To do: Leave the pictures behind and reproduce every line of the listing exactly.

Provided data below:

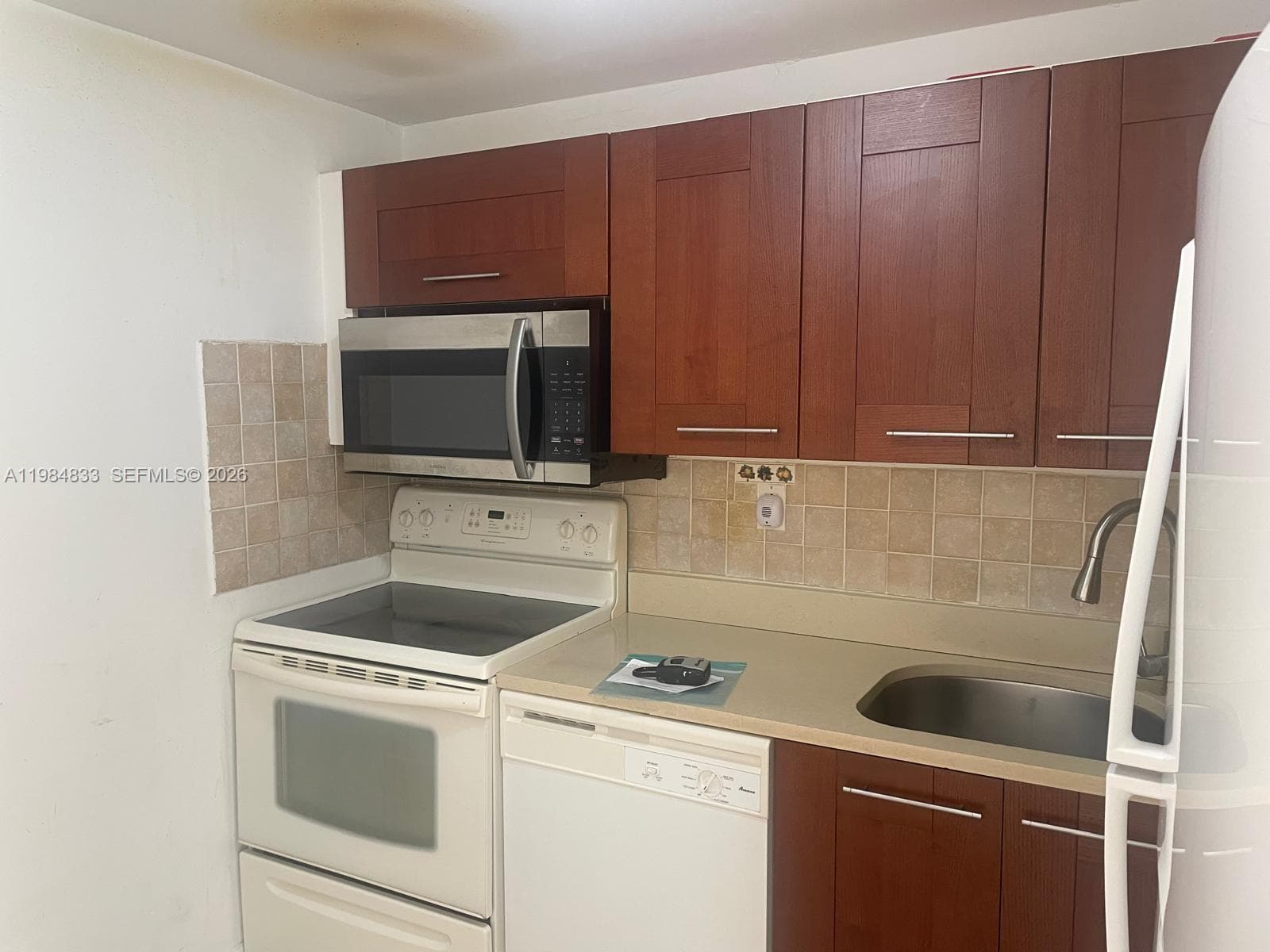 RIVIERA ISLES CONDO · #206 in North Miami Beach - Photo 4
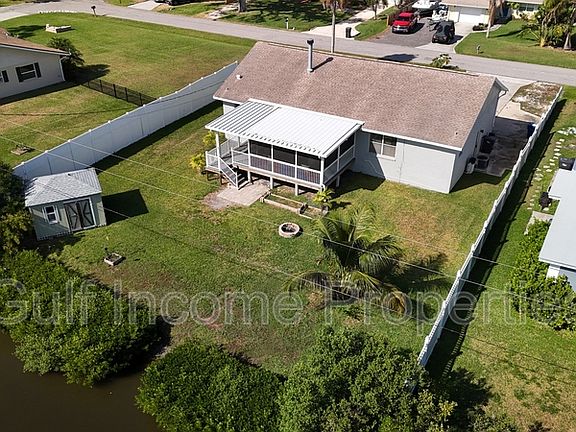 3rd image of 354 Willow Ln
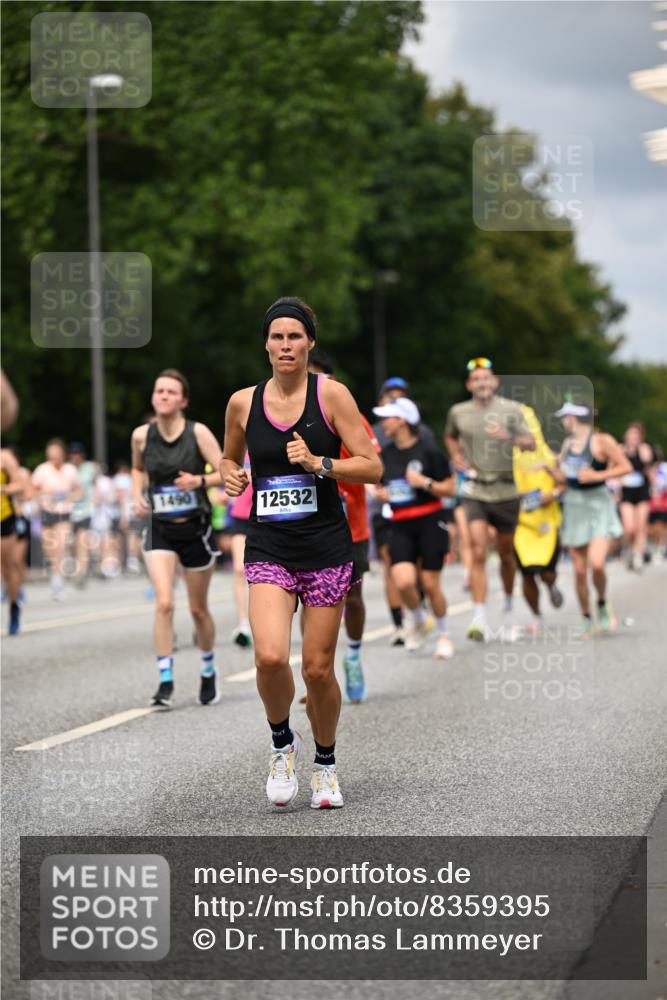 29.06.2025 - hella hamburg halbmarathon Dr. Thomas Lammeyer http://msf.ph/oto/8359395 29.06.2025 10:41:19 Kennedybrücke 56, 1022, 1118, 1253, 1276, 1488, 1490, 1597, 1948, 1952, 2072, 2199, 2552, 2811, 3165, 3230, 3398, 3428, 3714, 3873, 4733, 5146, 5224, 5560, 5786, 6584, 6804, 7202, 7235, 7707, 7773, 7823, 8257, 8258, 8315, 8936, 8937, 9054, 9055, 9918, 10024, 10112, 10476, 10762, 10798, 10862, 10931 meine-sportfotos.de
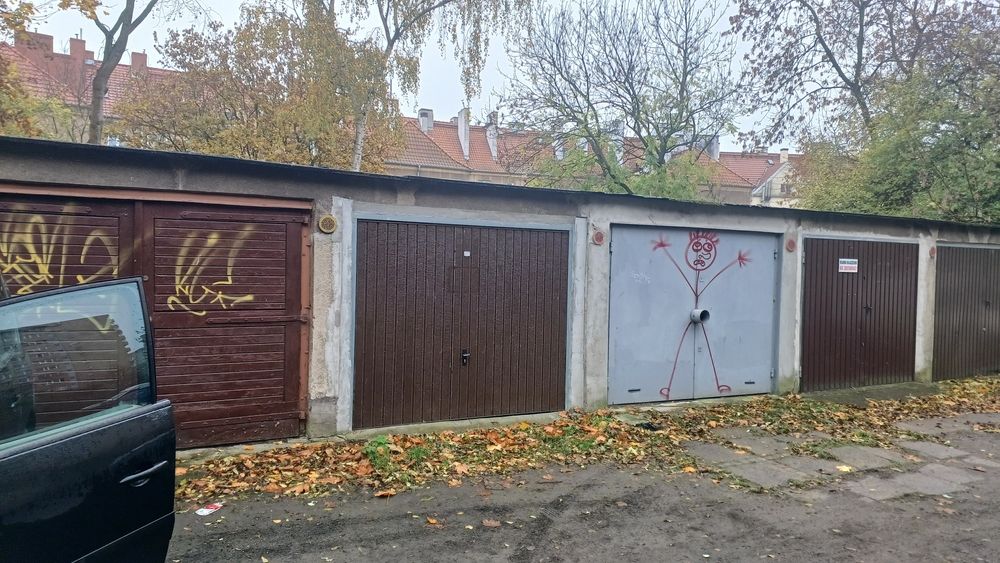 Garaż murowany na wynajem Drzewo - Stalmacha, Lubeckiego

End of Provided data.

Answer:
 RIVIERA ISLES CONDO · #206 in North Miami Beach - Photo 4
 3rd image of 354 Willow Ln
 29.06.2025 - hella hamburg halbmarathon Dr. Thomas Lammeyer http://msf.ph/oto/8359395 29.06.2025 10:41:19 Kennedybrücke 56, 1022, 1118, 1253, 1276, 1488, 1490, 1597, 1948, 1952, 2072, 2199, 2552, 2811, 3165, 3230, 3398, 3428, 3714, 3873, 4733, 5146, 5224, 5560, 5786, 6584, 6804, 7202, 7235, 7707, 7773, 7823, 8257, 8258, 8315, 8936, 8937, 9054, 9055, 9918, 10024, 10112, 10476, 10762, 10798, 10862, 10931 meine-sportfotos.de
 Garaż murowany na wynajem Drzewo - Stalmacha, Lubeckiego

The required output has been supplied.